TASK OBJECTIVE –
Please report how many lines in the records below contain "Multicolor". Reply with the number alone.

ENTRIES SUPPLIED –
======

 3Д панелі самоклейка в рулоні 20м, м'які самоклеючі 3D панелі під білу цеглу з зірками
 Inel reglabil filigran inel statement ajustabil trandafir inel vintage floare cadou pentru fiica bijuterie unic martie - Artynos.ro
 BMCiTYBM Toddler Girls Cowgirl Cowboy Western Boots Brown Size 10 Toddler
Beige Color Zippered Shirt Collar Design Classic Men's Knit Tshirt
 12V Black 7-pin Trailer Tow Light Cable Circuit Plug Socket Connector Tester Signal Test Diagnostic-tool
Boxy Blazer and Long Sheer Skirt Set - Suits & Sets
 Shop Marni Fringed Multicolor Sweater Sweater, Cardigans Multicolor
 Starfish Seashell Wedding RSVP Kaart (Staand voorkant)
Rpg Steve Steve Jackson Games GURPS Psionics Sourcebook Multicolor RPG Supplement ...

======

WRITTEN RESPONSE –
2